In any proceeding regarding the termination of a dealer agreement, the manufacturer would have the burden of proof in showing that it has acted in good faith, that is has complied with any notification requirements, and that there was good cause for the termination of the agreement.
Before termination of a dealer agreement, the manufacturer would have to provide written notice of the termination to the dealer. The notice would have to be provided through certified mail and contain a statement of the intention to terminate, the reasons for the termination, and the date of termination. The date by which the notice would have to be sent would vary depending on the circumstances. The notice would have to be sent at least 30 days prior to actual termination (1) if the dealer becomes insolvent, (2) the dealer fails to conduct normal sales and service operations for 30 consecutive days, (3) the dealer or its principal owners are convicted of a crime that is punishable by more than one year in prison or a crime that involves theft, dishonesty, or false statement, (4) the license necessary to operate a dealership is revoked, or (5) the dealer makes a fraudulent misrepresentation to the manufacturer in a matter that is material to the agreement. The notice would have to be provided at least 12 months prior any actual termination if the manufacturer discontinues production of the dealer’s product line or discontinues distribution of that product line to the state. If none of the circumstances that trigger a 30-day or 12-month notice requirement apply, the notice would have to be sent at least 180 days prior to actual termination.
If a dealer agreement is terminated, the manufacturer would have to pay the new watercraft dealer “fair and reasonable compensation” for all of the following:
· Each new current model year watercraft purchased from the manufacturer in the dealer’s inventory that has not been materially altered or substantially damaged.
· Each new watercraft not of the current model year purchased from the manufacturer in the dealer’s inventory that has not been materially altered or substantially damaged, if that watercraft was purchased from the manufacturer within two years prior to the date of termination.
· Any electronic or printed parts catalogs, supplies, and parts inventory purchased from the manufacturer.
· Any special tools purchased from or required by the manufacturer within three years prior to the termination.
· Any manufacturer-required dealer staff training or mandatory dealer meetings.
· Any marketing expenditures made by the watercraft dealer, based upon anticipated incentives, holdbacks on boats not refunded by the manufacturer, or similar financial promotions.
A manufacturer would be required to make such payments for watercraft to the dealer within 30 days after the termination of the agreement if the dealer meets “reasonable” requirements under the agreement related to the return of inventory.

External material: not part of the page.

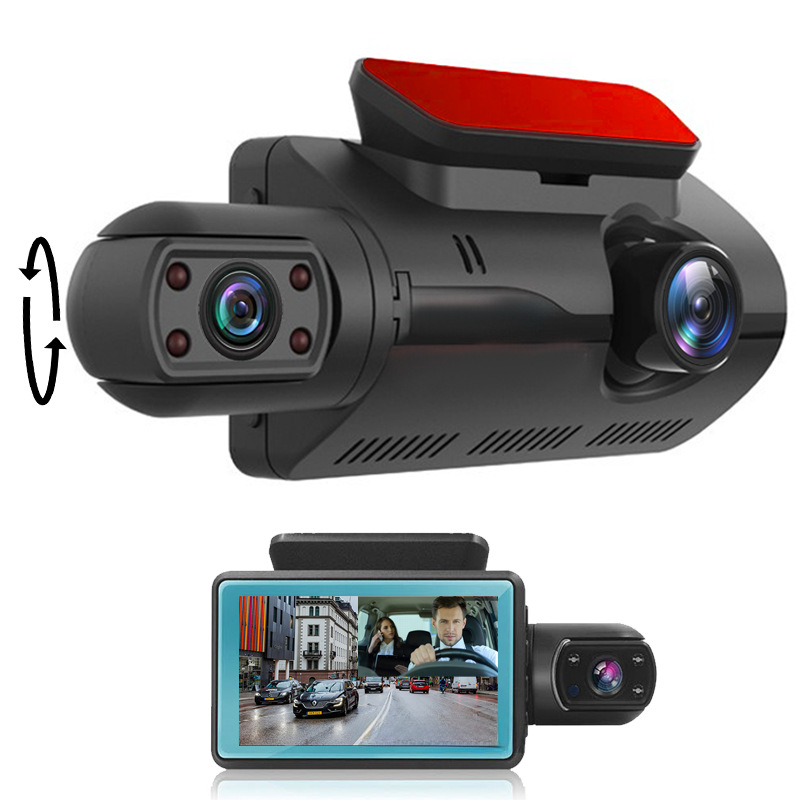 Dual-Lens 1080P Dash Cam product detail 1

Payments for the items would have to be made within 90 days of the termination of the agreement if the dealer provides clear title to any items of personal property and meets other requirements under the agreement related to the return of personal property. If a manufacturer does not make such payments in a timely manner, interest would accrue on the amount due at an annual rate of 12 percent.

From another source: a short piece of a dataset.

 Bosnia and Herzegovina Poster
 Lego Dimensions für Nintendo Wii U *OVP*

Manufacturer Requirements on Dealers
A manufacturer would be prohibited from requiring a dealer to do any of the following:
· Order or accept delivery of any new watercraft, parts, or equipment that is not required by law and is not voluntarily ordered by the dealer. (Except that a manufacturer could require a dealer to maintain a certain level of inventory of a watercraft offered for sale.)
· Order or accept delivery of any new watercraft with special features or accessories that is not included in the list price of the watercraft, as advertised by the manufacturer.
· Participate monetarily in any advertising campaign or pay any part of the costs of a discount made by or lawfully imposed by the manufacturer to a consumer, unless the dealer voluntarily agrees.
· Coerce the dealer to enter into any agreement or act by threatening to terminate a dealer agreement or other contractual agreement.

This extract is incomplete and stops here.